Many and varied are the ways in which you can impose a negative aura on a simple conversation!  And you risk doing this without even realising it!

Most importantly, it’s not only about the words you are using, it goes hand in hand with how you are saying it, your tone of voice and your body language.  Your words don’t mean anything if your actions contradict them.

And it’s not as simple as that.  We are living in the real world here, not the ‘ideal world’. Let’s not get over-excited about positive speech - believe it or not, sometimes even positive speech can let you down.  We call it “blind” positive speech – and it will work against you even more than negative speech!

Look at this example:

Cathy is leading her team through a company reorganisation.  She is meeting for the first time with her new team, and introducing two new members.  Everybody in the team knows that two previous team members are no longer there.  In general, companies these days try to avoid expressions like “fired”, “sacked” or even “made redundant”.  “Let go” is usually thought of as acceptable.  But is it positive?  No – and it isn’t even neutral.

Cathy will have to say something about the two team members who are no longer there, as she integrates the two new members into the team.  She runs over some possibilities in her mind.

“Clarence and Deb have moved on to new horizons”

“Clarence and Deb are following new opportunities”

“We felt that Clarence and Deb would be more suited to a different type of environment”

But Cathy’s instincts tell her that none of these will work.  They don’t ring true.  Her team will immediately recognise this as “blind” positive speech.  Cathy’s credibility will suffer; and one of the foundation blocks of her team’s trust in her will be firmly knocked out of line.

Having gone through a few re-structuring programs myself during the days that I was working for corporate companies I have learnt that there is a place and a time for positive language, and a place and a time for reality speech!

Whether your words are positive or neutral – and even when you are consciously avoiding negative speech – ONLY SAY IT WHEN IT IS TRUE!

Cathy won’t gain anything by pretending that people have not been forced out of the business. She has to be transparent and say things the way they are:

“In order for our new business model to start off in a healthy way, we have had to re-think the structure of our team. Clarence and Deb were two of the people that were part of the previous team and they are not here with us any longer.”

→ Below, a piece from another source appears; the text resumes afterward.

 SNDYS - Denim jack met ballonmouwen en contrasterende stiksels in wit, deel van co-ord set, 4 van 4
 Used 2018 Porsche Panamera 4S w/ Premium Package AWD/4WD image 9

This is not negative speak nor positive speak: it is necessary rational and transparent communication in a critical situation. It is reality speech – and Cathy’s team will respect her for it!

Once the restructuring is done and she is kick starting with the new team Cathy can concentrate on positive speech – that will definitely be the right time! 

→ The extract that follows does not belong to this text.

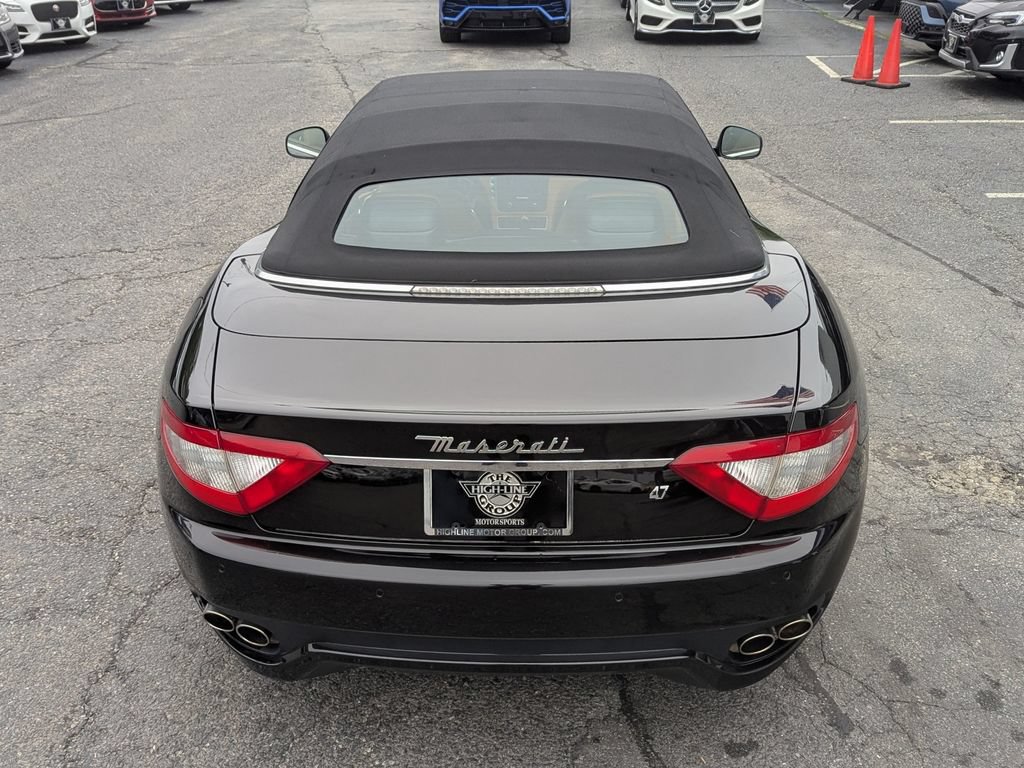 Used 2011 Maserati GranTurismo Convertible RWD image 8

So, what should you look out for? 

First of all, coach yourself to avoid the obvious negatives in your conversation.  Don’t, won’t, can’t.  And words like problem, struggle and failure.  Even when you’re using them in a positive way, the negative influence is still there. 

Compare the impact of “I’ve got a problem, I don’t know if you can help me,” with “Here’s today’s challenge – let’s figure it out together!” 

Think about how your words might make your listeners feel about themselves – don’t let people think you’re talking down to them, or have no confidence in them:

“Well done. You made a much better job of that than I thought you would”. (“I didn’t have much confidence in you”)

“Some of you may have heard of Peter Drucker”. (“but I’m not really expecting you to be so well informed”)

And watch out for words that imply criticism:

“Your predecessor was never late with his sales report” (“but I’m half expecting you to be late with yours”.)

Learning to avoid negatives in your speech is a process of continuous improvement. Focus on it, be continually aware of it, and train yourself. 

As you progress you will see the change in the reactions and attitudes of those around you – and the change in the way you view things yourself.  And remember to keep the reality in your speech as well.   

Here’s a mini workshop, to start you on your journey: 

Let’s stick with Cathy and her new team.  Here’s Cathy’s introduction to the first meeting of the new team.  How many examples of negative speech can you find?

“I expect you are looking forward to getting an update on the changes we are going through.  As I’m sure you all know, our whole company is going through a change process at the moment. You have heard from our CEO about the exciting new direction the company is going in. I would like to reassure you that our project is definitely not one of the projects that are on the chopping-board, so we can look forward to working together and finalising this project – perhaps even faster than originally planned. 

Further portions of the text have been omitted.